Ostatnio informowaliśmy o możliwości odczytania kluczy szyfrujących bezpośrednio z pamięci RAM komputera i odtworzenia w ten sposób danych przechowywanych na dysku twardym komputera. Odkrywcy luki oświadczyli, że na atak podatne są między innymi takie technologie jak Microsoft’s BitLocker i Apple’s FileVault. Wymienienie jednej z technologii giganta z Redmond wywołało natychmiastowy odzew ze strony pracownika tej firmy, który opublikował ciekawe sprostowanie podważające możliwość efektywnego odszyfrowania dysków.
Na blogu poświęconym bezpieczeństwu systemu Windows Vista Russ Humphries stwierdził, że po odpowiedniej konfiguracji, nieznacznie tylko zmniejszającej łatwość użytkowania, BitLocker staje się w pełni odporny na niedawno odkryte metody ataku. Humphries oparł się na ogólnie znanych zależnościach pomiędzy prostotą, bezpieczeństwem i ryzykiem. Wspomniał on także o opcjach dostępnych w produkcie Microsoft, które nie pozwalają komputerowi na start lub wyjście ze stanu hibernacji bez uprzedniego wprowadzenia kodu PIN lub specjalnego klucza USB (w SP1 dla Windows Vista będzie można używać obu opcji równocześnie).
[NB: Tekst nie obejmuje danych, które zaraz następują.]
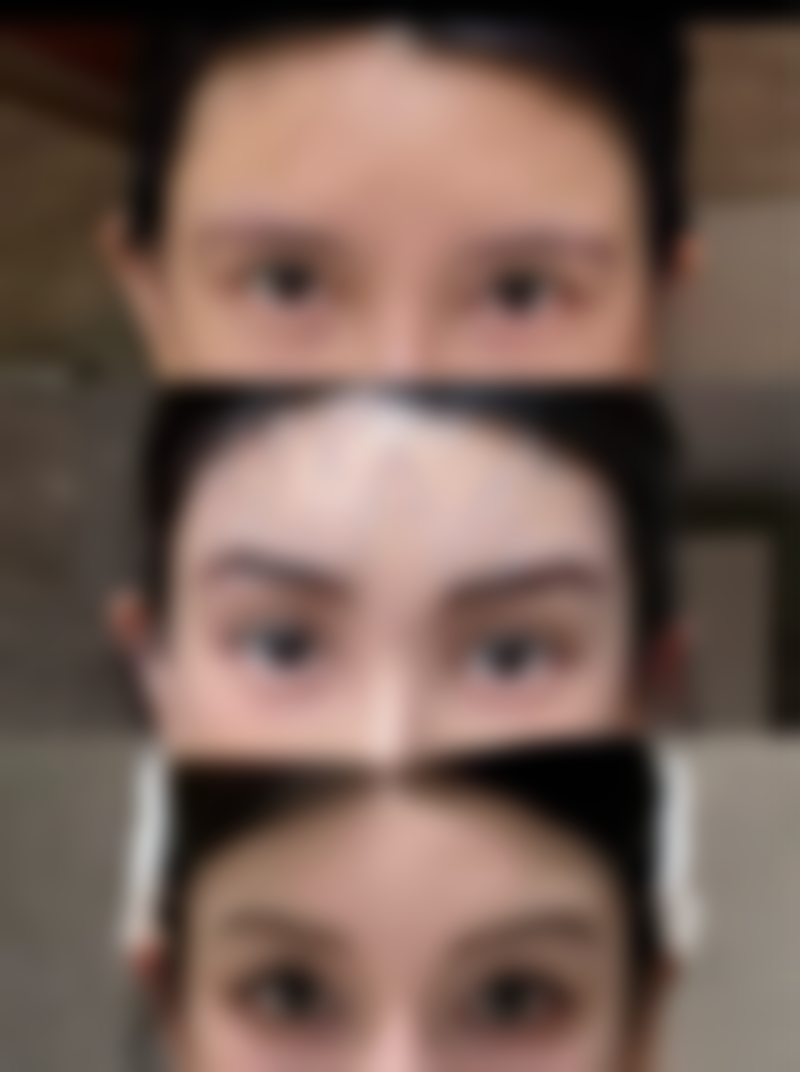 打了瘦脸针没成效该怎么办?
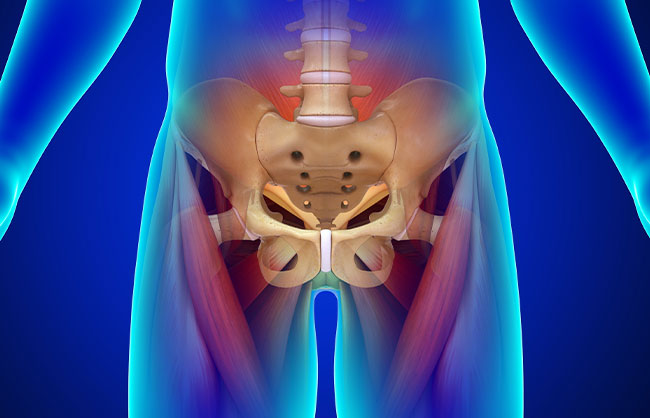 Piriformis Syndrome in Capitola, California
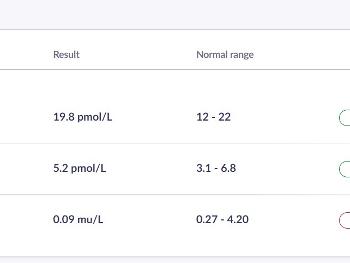 My Thyroid test results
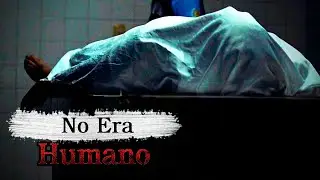 Autopsia A Un Ser Aterrador Historias De Terror - REDE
Co więcej, Humphries przedstawił słabe strony luki odkrytej przez badaczy. Do wad zaliczył konieczność uzyskania fizycznego dostępu do sprzętu i skomplikowany proces wykonania ataku.
Niewątpliwie odpowiedź ze strony Microsoft była niezwykle szybka i trzeba przyznać, że jest trafną ripostą na zarzuty o brak bezpieczeństwa w BitLocker. Technika ataku na dane zapisane w pamięci RAM jest dość niecodzienna i w najbliższym czasie możemy spodziewać się jeszcze wielu sporów w związku z tym tematem.